Morning vinyasa yoga classes are offered, and evening restorative yin classes are the perfect way to end a day in the sun and heat. After several months of travelling to all my favourite European cities, and before that, even more months of big life changes, stress, and tough choices, it felt pretty strange to melt into a sandy little paradise and just breathe. There is nothing quite like the rhythmic sound of waves, each one like the last, but also entirely unique, that make me feel at home and at peace.
After 7:30 am yoga class, I would pad over to breakfast – strong Sri Lankan tea, a plethora of tropical fruit, eggs, and dal. The beach was only steps away, populated by local fisherman and a few surf students. Days passed by in a blissful pattern of yoga – breakfast – reading – walking – lunch – yoga – reading. . . repeat. While the food at the resort was fantastic, I ventured down the beach on several occasions to explore the local haunts – local curry consumed at a picnic table with feet in the water, and a $10 lobster feast with fresh mango juice on the side. The yoga teachers at Tallala are friendly, experienced, and non-judgemental. All levels are welcome – from beginner to expert.
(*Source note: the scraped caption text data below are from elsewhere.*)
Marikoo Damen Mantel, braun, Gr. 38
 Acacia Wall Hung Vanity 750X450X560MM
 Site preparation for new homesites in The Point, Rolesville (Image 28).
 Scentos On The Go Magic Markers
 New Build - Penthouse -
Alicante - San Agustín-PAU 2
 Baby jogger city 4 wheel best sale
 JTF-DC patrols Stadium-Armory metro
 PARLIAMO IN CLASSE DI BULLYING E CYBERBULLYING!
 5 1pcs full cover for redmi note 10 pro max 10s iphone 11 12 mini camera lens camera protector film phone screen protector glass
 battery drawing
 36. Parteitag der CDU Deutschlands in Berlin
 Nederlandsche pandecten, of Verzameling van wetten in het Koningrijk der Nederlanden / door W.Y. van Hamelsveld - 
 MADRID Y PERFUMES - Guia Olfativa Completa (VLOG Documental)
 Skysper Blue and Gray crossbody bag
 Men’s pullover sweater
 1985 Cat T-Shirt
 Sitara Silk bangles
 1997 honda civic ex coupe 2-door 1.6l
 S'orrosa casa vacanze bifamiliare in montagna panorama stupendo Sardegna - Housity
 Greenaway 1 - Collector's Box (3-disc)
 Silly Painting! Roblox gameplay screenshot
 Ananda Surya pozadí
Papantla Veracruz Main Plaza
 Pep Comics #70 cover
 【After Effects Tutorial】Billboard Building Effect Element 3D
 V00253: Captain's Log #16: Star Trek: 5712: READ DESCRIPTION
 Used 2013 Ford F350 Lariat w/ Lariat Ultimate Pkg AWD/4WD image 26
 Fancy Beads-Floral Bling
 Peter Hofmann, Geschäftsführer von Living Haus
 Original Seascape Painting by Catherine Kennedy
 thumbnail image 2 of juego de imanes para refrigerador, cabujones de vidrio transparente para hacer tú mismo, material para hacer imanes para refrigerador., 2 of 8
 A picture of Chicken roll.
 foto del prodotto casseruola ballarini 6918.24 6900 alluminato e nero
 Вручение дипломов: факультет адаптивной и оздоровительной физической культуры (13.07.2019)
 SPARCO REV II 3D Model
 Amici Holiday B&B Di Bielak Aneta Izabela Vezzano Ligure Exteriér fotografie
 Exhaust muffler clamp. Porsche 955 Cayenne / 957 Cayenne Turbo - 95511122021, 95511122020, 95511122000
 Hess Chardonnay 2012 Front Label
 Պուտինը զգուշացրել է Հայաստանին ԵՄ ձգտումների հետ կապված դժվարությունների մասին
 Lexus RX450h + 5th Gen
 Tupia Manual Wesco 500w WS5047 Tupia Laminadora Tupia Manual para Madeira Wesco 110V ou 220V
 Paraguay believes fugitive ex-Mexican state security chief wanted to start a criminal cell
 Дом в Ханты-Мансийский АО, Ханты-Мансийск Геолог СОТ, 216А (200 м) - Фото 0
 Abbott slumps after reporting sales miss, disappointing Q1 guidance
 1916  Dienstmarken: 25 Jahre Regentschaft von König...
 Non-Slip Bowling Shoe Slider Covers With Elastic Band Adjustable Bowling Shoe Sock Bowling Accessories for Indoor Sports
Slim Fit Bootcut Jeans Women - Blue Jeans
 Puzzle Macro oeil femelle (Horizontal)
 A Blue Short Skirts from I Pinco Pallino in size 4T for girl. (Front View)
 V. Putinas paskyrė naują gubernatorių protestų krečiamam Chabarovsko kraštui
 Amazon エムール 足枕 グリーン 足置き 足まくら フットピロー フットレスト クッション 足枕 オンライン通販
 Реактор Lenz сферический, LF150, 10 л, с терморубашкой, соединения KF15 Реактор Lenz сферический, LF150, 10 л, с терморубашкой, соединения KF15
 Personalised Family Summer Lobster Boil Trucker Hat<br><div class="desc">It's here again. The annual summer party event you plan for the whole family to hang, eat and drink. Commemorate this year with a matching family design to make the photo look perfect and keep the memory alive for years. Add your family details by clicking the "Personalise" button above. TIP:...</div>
Classes were held in one of two open air studios – so by default, being Sri Lanka, all were “hot yoga”.
Set back from the beach in the jungle, the resident spa is awaiting. I had a deep tissue massage, in an open air stone building, with soft wind chimes and trickling water outside. All the aches and stiffness were pushed right out of me, and replaced with a soft stillness that the country and its people seem to exude.
Sri Lanka is the 12 hour sleep you did not realize you needed. A place where simplicity and slowness is at the forefront, where things may take hours but you enjoy the ride. Where an afternoon can be filled with nothing but the sounds of beating waves. Where nature is punching you in the face in every way, beckoning you to push aside technology, and just observe.